To do = Write out again, unchanged, the line that has "this 650×350 image." and each following line through the end of the entries below; leave pictures out.

Dataset entries:
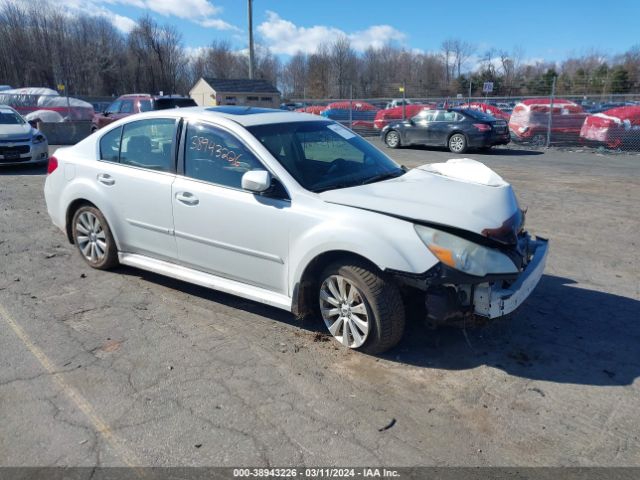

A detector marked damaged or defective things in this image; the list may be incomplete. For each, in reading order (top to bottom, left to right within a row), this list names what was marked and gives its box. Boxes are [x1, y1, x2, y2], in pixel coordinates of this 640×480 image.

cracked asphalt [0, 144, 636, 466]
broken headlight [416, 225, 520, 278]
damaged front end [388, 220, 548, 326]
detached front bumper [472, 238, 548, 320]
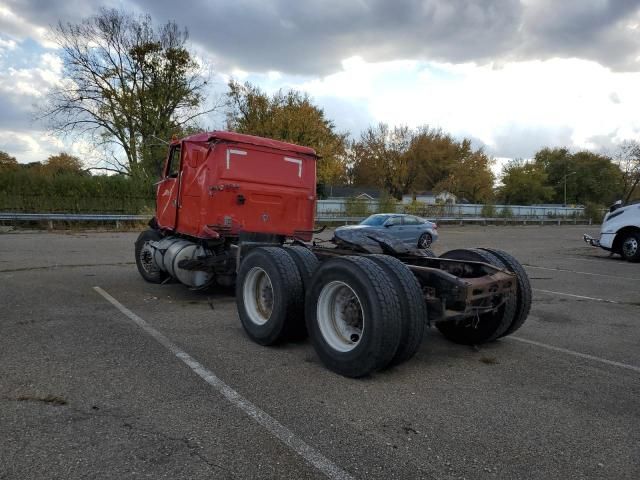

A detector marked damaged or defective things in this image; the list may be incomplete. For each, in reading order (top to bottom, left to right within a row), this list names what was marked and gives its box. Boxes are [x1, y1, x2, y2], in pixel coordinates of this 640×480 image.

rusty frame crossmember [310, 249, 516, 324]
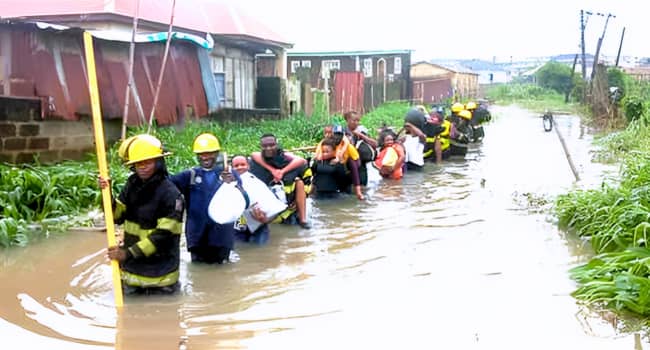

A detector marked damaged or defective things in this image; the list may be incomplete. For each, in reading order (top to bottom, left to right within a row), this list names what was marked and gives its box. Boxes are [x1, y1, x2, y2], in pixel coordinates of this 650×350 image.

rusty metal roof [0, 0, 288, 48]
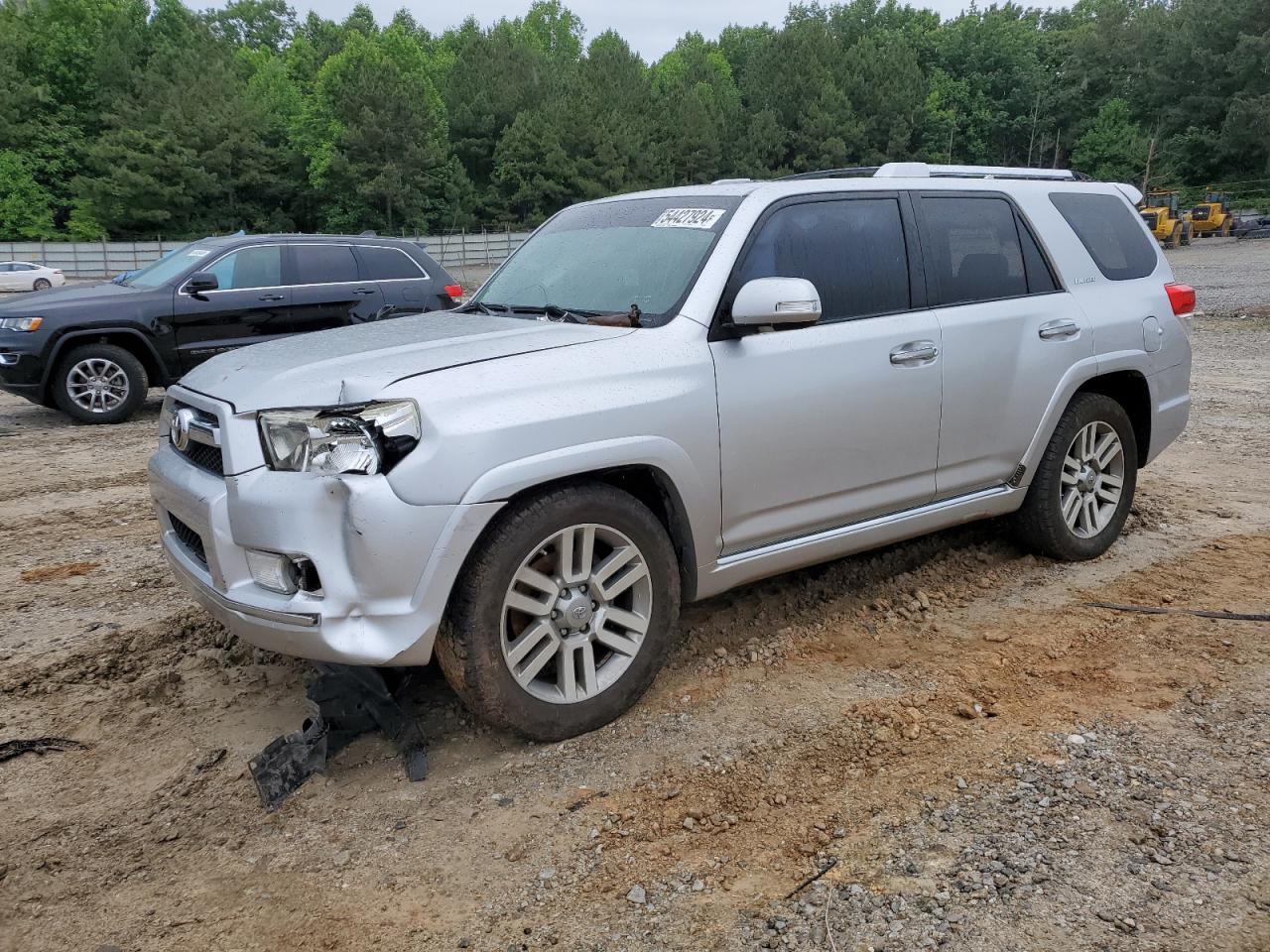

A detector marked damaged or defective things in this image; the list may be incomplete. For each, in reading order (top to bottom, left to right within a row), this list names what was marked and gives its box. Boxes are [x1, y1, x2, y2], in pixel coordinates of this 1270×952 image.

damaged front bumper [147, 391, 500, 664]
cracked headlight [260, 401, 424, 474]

Task output =
A detector marked damaged or defective things in this image; the list may be incomplete. For each, in reading order (top to bottom, left to right within a row), this list names what was marked and gives its box. Boxes are [x1, y1, x2, y2], in pixel coordinates of this 650×350 image.

rusty metal roof [0, 0, 288, 48]

A detector marked damaged or defective things in this image; the list may be incomplete. For each, in reading order (top to bottom, left to right within a row), this list names what was marked and gives its box. Boxes are [x1, y1, x2, y2], in pixel coordinates of this 1270×952 image.

damaged front bumper [147, 391, 500, 664]
cracked headlight [260, 401, 424, 474]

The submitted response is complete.